*Activity*. The line containing "Gluten free logo labels for food products", plus every line that follows it to the end of the listing below, is what you transcribe exactly; omit all pictures.
—————
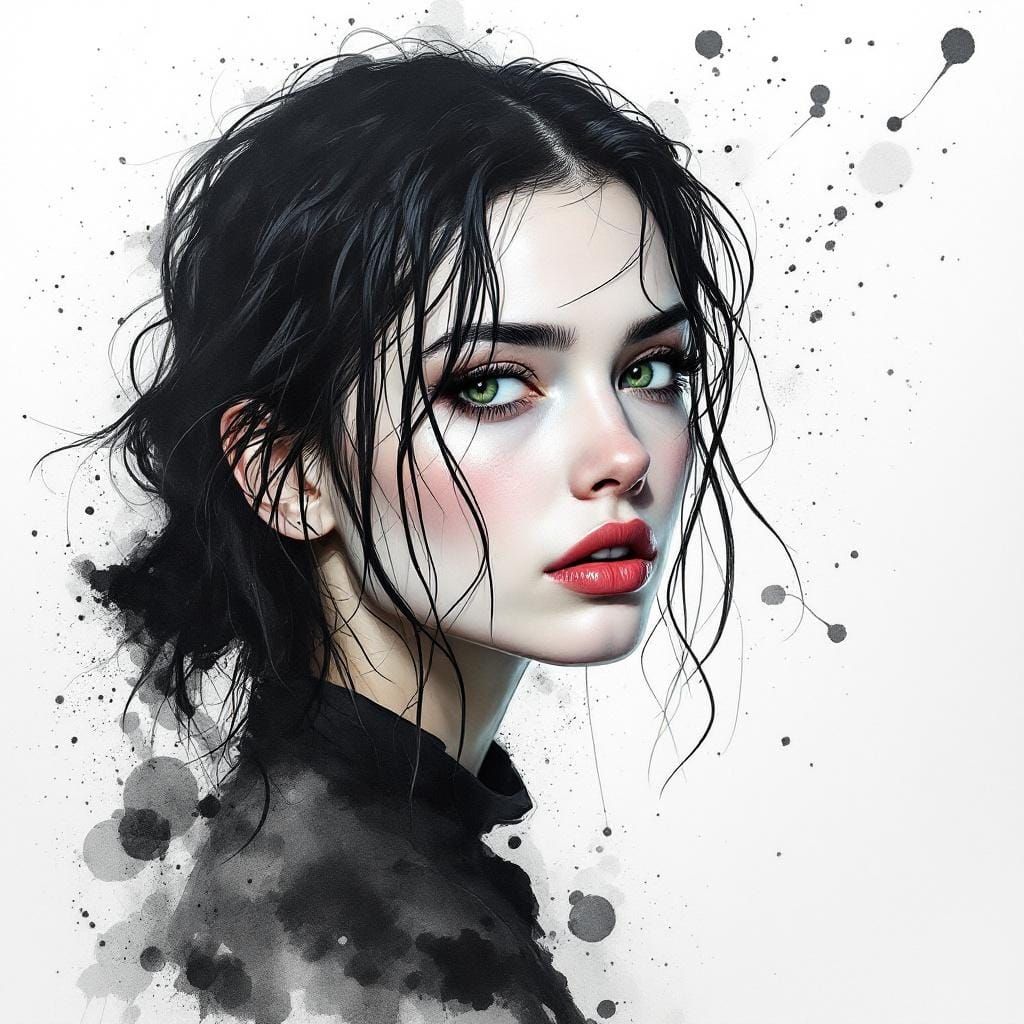 Striking Portrait with Ink and Watercolor Effects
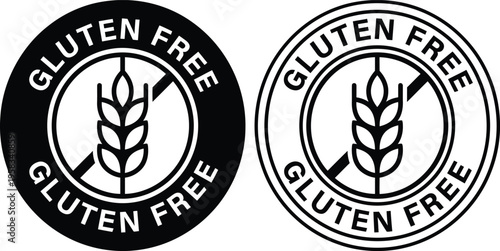 Gluten free logo labels for food products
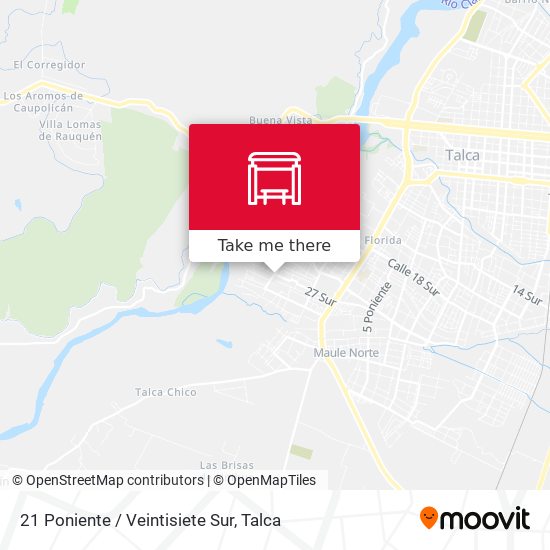 21 Poniente / Veintisiete Sur map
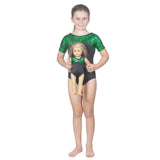 Short Sleeve Green Pebble Hologram Leotard and Matching 18 Inch Doll Outfit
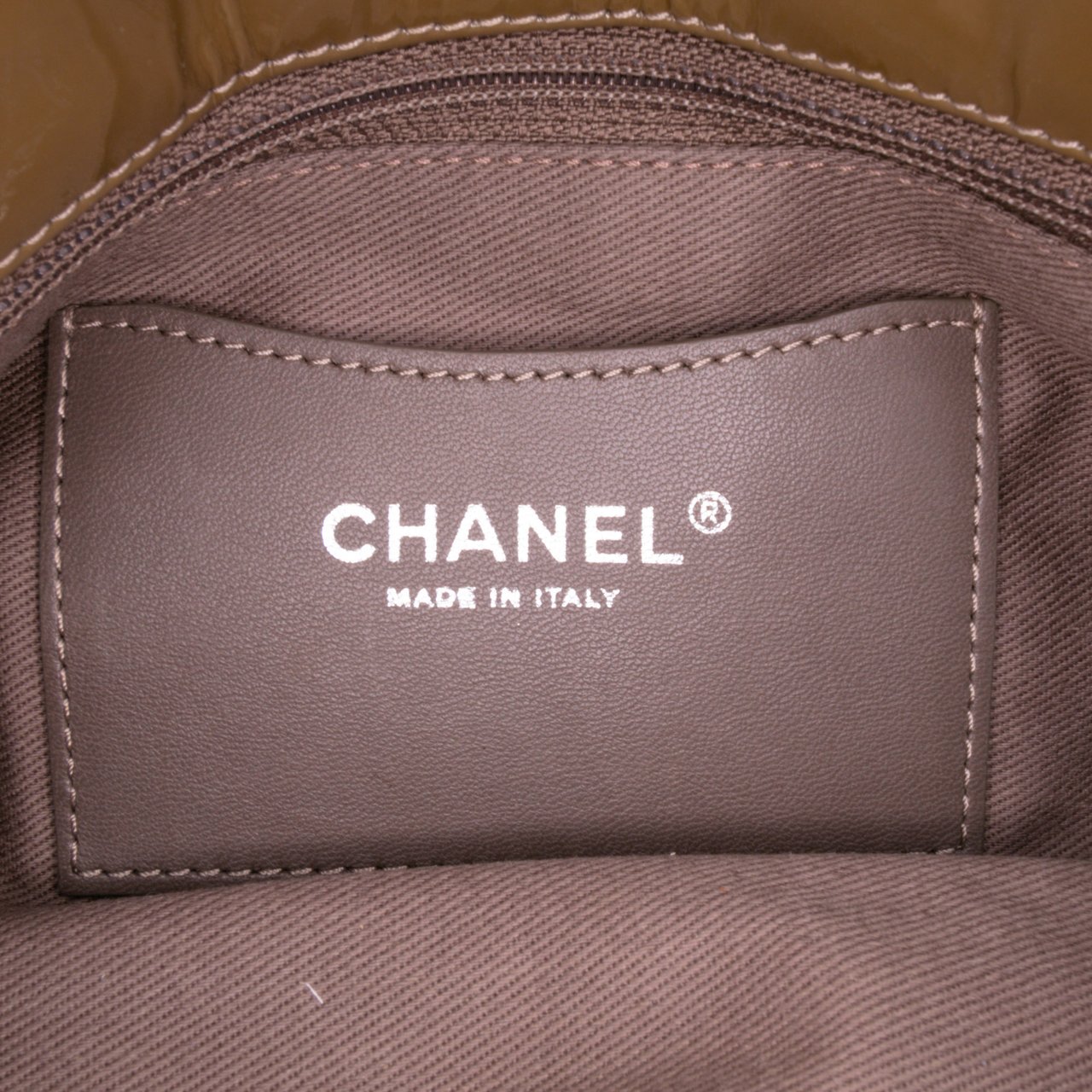 Chanel Medium Patent Just Mademoiselle Shoulder Bag Bruin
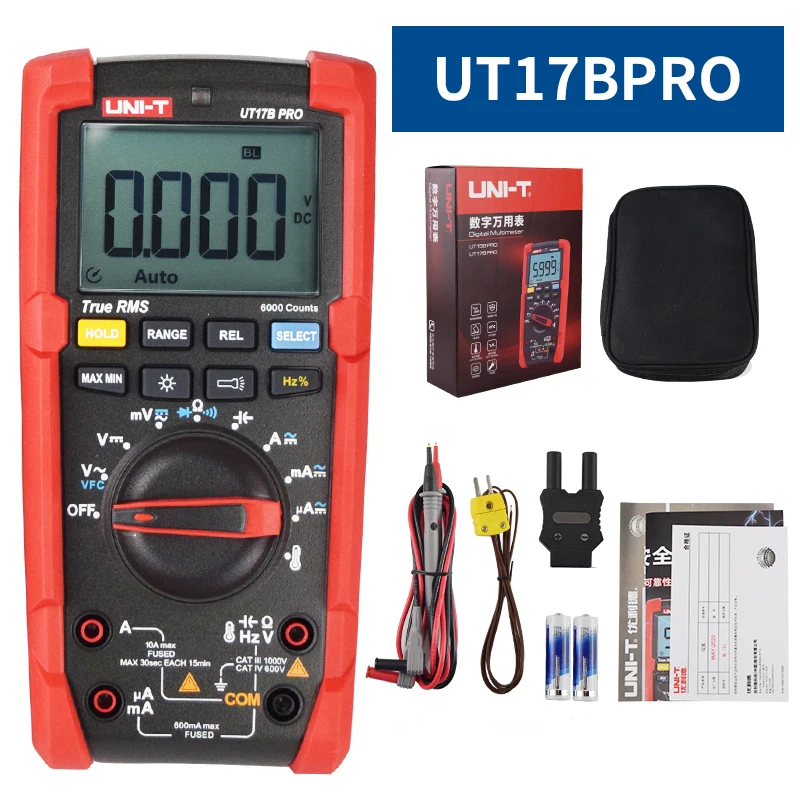 Цифровой мультиметр UNI T UT15B PRO / UT17B функция True RMS 1000 В переменного/постоянного тока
—————
*Written answer*.
 Gluten free logo labels for food products
 21 Poniente / Veintisiete Sur map
 Short Sleeve Green Pebble Hologram Leotard and Matching 18 Inch Doll Outfit
 Chanel Medium Patent Just Mademoiselle Shoulder Bag Bruin
 Цифровой мультиметр UNI T UT15B PRO / UT17B функция True RMS 1000 В переменного/постоянного тока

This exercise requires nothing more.